Von brauchen ist auch keine Rede. Wunschlos wird man vom vögeln eh, da braucht es nix, auch keine Nixen. Ansonsten verlasse ich mich lieber auf Anweisungen, die funktionieren, statt auf den hiesigen Krempel.

Es war auch nicht meine Absicht etwas zur Sexualmagie zu schreiben, sondern konkret auf Peters Statement bzgl. tib. Tantra einzugehen. Tantra ist nicht vorwiegend sexuell, ich habe diese Brücke lediglich geschlagen, weil die Themen verwand sind - also dieses und das, worüber ich schonmal mit Peter gesprochen habe und das in eine ähnliche Richtung ging.

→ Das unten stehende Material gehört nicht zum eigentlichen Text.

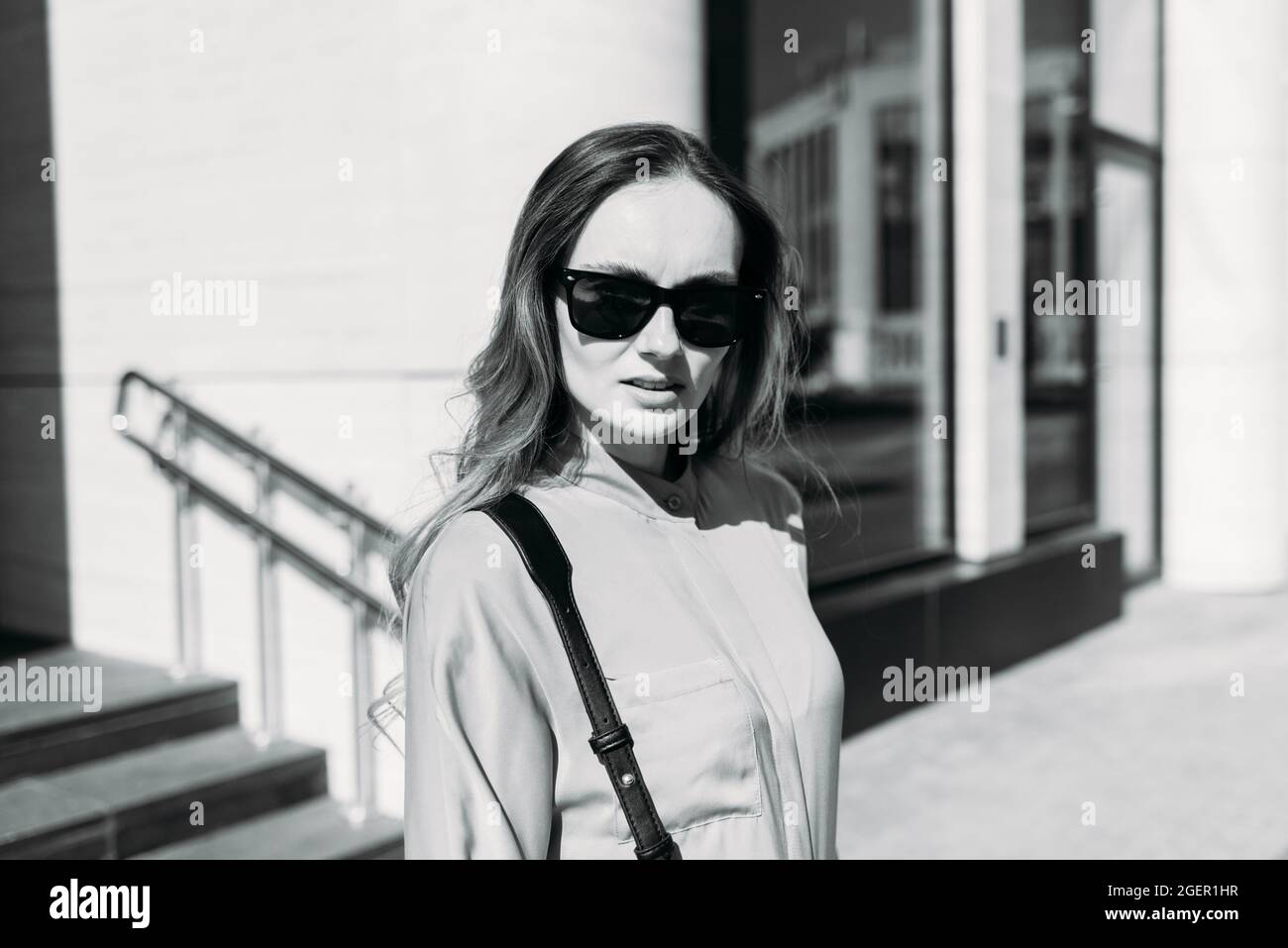 Caucasian girl looking at the camera and walking Stock Photo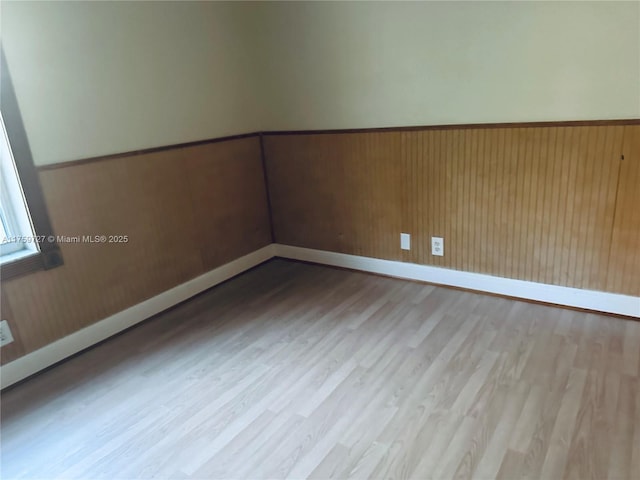 unfurnished room featuring baseboards, wood finished floors, and wainscoting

Keine Ahnung, was Nixen jetzt auf einmal hier zu suchen haben, wahrscheinlich wären Werwölfe zu behaart.
 
Von brauchen ist auch keine Rede. Wunschlos wird man vom vögeln eh, da braucht es nix, auch keine Nixen. Ansonsten verlasse ich mich lieber auf Anweisungen, die funktionieren, statt auf den hiesigen Krempel.

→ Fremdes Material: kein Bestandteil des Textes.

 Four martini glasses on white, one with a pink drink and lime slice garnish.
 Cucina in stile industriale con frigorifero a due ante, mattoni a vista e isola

Es war auch nicht meine Absicht etwas zur Sexualmagie zu schreiben, sondern konkret auf Peters Statement bzgl. tib. Tantra einzugehen. Tantra ist nicht vorwiegend sexuell, ich habe diese Brücke lediglich geschlagen, weil die Themen verwand sind - also dieses und das, worüber ich schonmal mit Peter gesprochen habe und das in eine ähnliche Richtung ging.

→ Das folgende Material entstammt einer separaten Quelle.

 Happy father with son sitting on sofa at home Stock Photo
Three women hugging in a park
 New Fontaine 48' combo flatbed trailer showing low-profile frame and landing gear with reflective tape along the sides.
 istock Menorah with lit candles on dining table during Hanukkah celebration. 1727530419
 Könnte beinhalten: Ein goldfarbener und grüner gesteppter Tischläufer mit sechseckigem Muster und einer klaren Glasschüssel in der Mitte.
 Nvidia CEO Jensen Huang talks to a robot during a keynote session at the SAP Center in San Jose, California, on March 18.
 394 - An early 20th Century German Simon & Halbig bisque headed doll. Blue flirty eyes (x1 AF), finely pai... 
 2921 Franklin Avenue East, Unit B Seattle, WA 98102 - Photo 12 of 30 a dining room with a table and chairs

Keine Ahnung, was Nixen jetzt auf einmal hier zu suchen haben, wahrscheinlich wären Werwölfe zu behaart.


Hallo Fuchs! :)

Hehe :)
Stimmt was du schreibst. Ich glaube du bist noch nicht über 40 oder?
vom Tantra hab ich soviel schon gelesen... über Spiritualität bis Pornografie und eigentlich ist es alles das Selbe.
Oben wollte ich dich nicht direkt ansprechen, eher einen übergreifenden Kontext aufgreifen der sich direkt mit Sexualtität und Magie beschäftigt.
Die Nixen sind verdammt schön und die Versuchung trifft dich mitten ins Mark, aber sie kommt eben wie soll es anders sein nicht aufgerufen, sondern als Vertreter ihres was auch immer, dann wenn du es als Mensch nicht erwartest und auch mit voller Wucht. Ich verstand nie warum das Leben bei mir so sehr mit spirituellen oder magischen Wahrheiten korrelliert bis ich verstand das es Gedankenformen gibt, die für sich entstehen (sich im Leben, als Teil des Lebens materialisieren) wenn es Zeit dafür ist.